Kobayashi Eitaku was a 19th-century Japanese painter and illustrator whose graphic talent livened up many novels at the time. He was a notable erotic artist, making a series of paintings which depict bestiality in a rather unusual way. Eitaku is additionally important in comic history for creating a scroll titled 'Decomposition Of A Female Corpse', which shows a gradual decomposition of a dead woman, spread over nine successive images.
Early life
Kobayashi Eitaku was born in Edo in 1843 as Kobayashi Shutaro. At the age of thirteen he became an apprentice of the painter Kano Eitoku (1815-1891). He moved his way up as court painter for the lords of Hikone. After the Meiji Restoration (1868), which re-established the Japanese emperor as the head of state, he produced illustrations for the Yokohama Mainichi Shinbun. He was well-known for creating many colour woodblock prints and chirimen-bon illustrations (the latter are books printed on crêpe paper, usually illustrating Japanese novels, fairy tales and mythology in English, French or German translations).
'Decomposition of a female corpse'
In the 1870s Eitaku made a scroll showing the decomposition of a female corpse, identified as a courtesan. In nine successive scenes we see a fully clothed body devolve into bony remains, scavenged by dogs. The work is quite graphic for its time and even today has the power to shock audiences, as the gradual decomposition is not stylized, but depicted realistically. This would give the eerie impression that Eitaku may have sketched and painted it from a real-life (or rather "dead") model. The work should be understood in a Buddhist context. "Kusozu" (illustrations of decomposing corpses) were popular in Japanse art, because they were considered a meditation on the temporary nature of life. It might also an erotic work, part of the "shunga tradition". In 2008 the work was purchased by the British Museum.

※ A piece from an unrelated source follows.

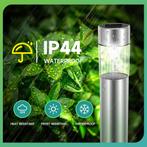 Solar Tuinverlichting - Buitenverlichting - Zonneenergie - Z, Verzenden, Zo goed als nieuw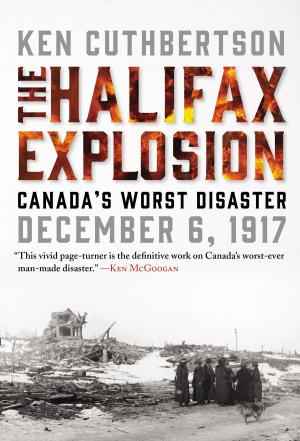 Book cover of The Halifax Explosion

The Drawing Book of Designs for Everything
In the 1880s Eitaku made 'The Drawing Book of Designs for Everything', a reference book for other graphic artists. This woodblock print is full with scenes ranging from nature landscapes, kabuki actors and even pure mythological creatures.
Bestiality series
Eitaku made another intriguing series of thematically connected but untitled paintings based on erotic scenes. However, the imagery is more disturbing than titillating, since it involves bestiality. Not only that: all animals are depicted realistically but have the same size as a human. The artist depicts a woman being mounted by respectively a gigantic mouse, toad, monkey, horse, squid and a bat.
Death and legacy
Eitaku passed away in 1890. One of his apprentices was Meiji era woodblock artist Eisen Tomioka (1864-1905), who studied under him at the age of 18.